Mimbar, itulah namanya. Ia diberikan nama demikian karena lahir tepat tengah hari Jumat, ketika khatib mulai menyampaikan khutbah shalat Jumat. Ia buta, tapi bukan sejak lahir. Penyakit ganas merenggut penglihatannya ketika ia berumur enam tahun.
Sekarang ia sudah dewasa, sudah punya istri dan satu anak, dua-duanya sempurna, tidak buta seperti dirinya.

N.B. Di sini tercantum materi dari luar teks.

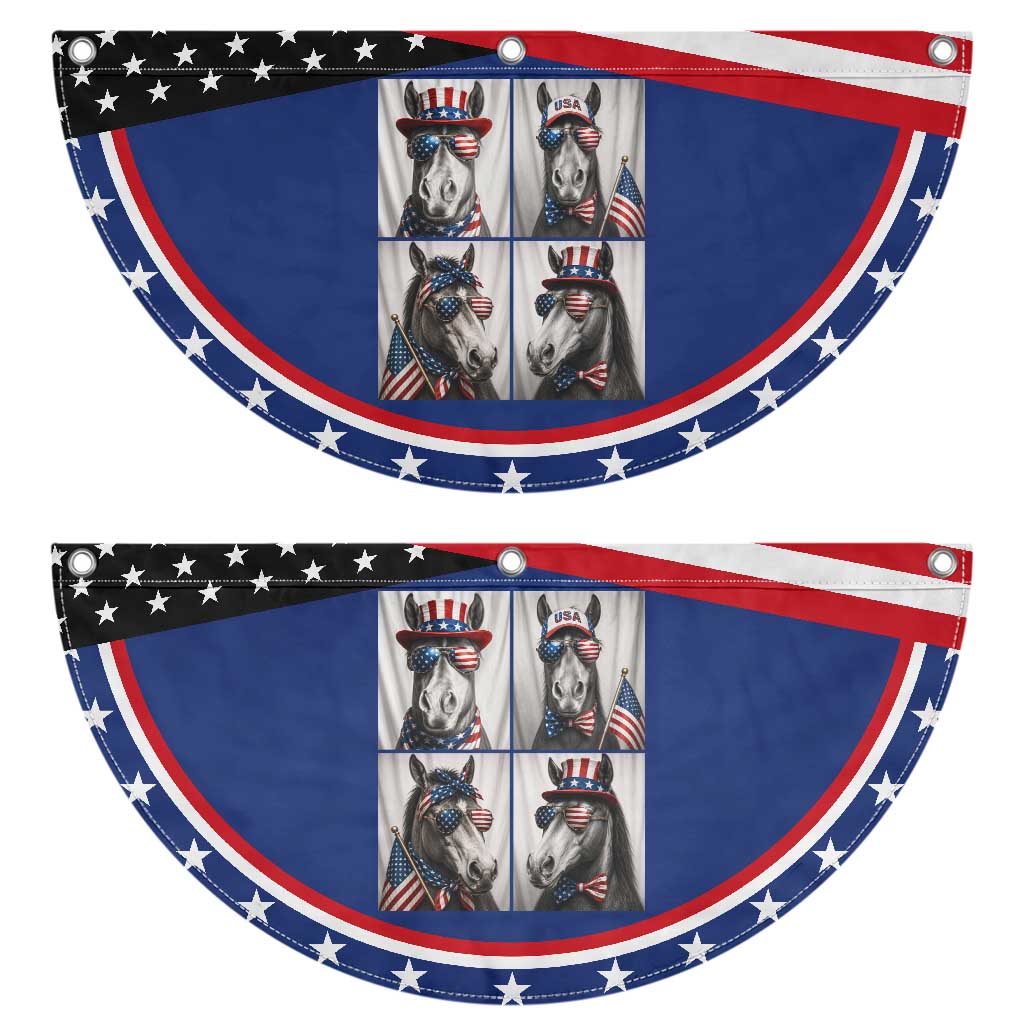 Funny Horse Selfie Squad Patriotic Fan Flag USA Flag Red White And Blue Graphic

Dulu, ia pernah dijodohkan dengan perempuan yang juga buta, tapi dia menolak. Menurutnya, kalau ia buta dan istrinya juga buta, siapa yang akan memperhatikan anak-anaknya. Ia bersikukuh bahwa Allah akan memberikan jodoh yang terbaik baginya, jika ia rajin berdoa dan berusaha.
Allah maha pengasih dan maha penyayang. Doanya terkabul. Ia mendapat istri seorang gadis yang sangat cantik, sempurna lahir dan batin. Tidak cacat, tidak kurang suatu apapun. Gadis itu mencintainya, benar-benar cinta buta, walaupun gadis itu memiliki penglihatan yang sempurna. Kita tidak pernah tahu apa yang membuat gadis itu jatuh cinta pada pemuda buta. Tapi begitulah Allah menunjukkan ke-Maha Kasih dan ke-Maha Kuasa-anNya.
Tadi, ia memimpin shalat tarawih di masjid kami. Mata kami semua berkaca, kagum dan terharu, bagaimana mungkin seorang yang buta bisa hafal dan fasih melantunkan ayat suci, jauh lebih fasih dari imam yang memimpin shalat tarawih malam-malam sebelumnya.
Begitulah, Allah maha adil. Ia memang tidak bisa belajar ayat suci dari membaca. Tapi ia punya pendengaran dan ingatan yang sangat sempurna, sehingga ia dapat menghafal ayat suci hanya melalui telinga. Saya yakin, hafalan dan kefasihannya jauh melebihi kami semua yang punya fisik sempurna
Allah maha kuasa, semua yang terjadi di dunia hanya atas kehendakNya.
Tulisan ini bukan fiksi, tapi benar-benar terjadi.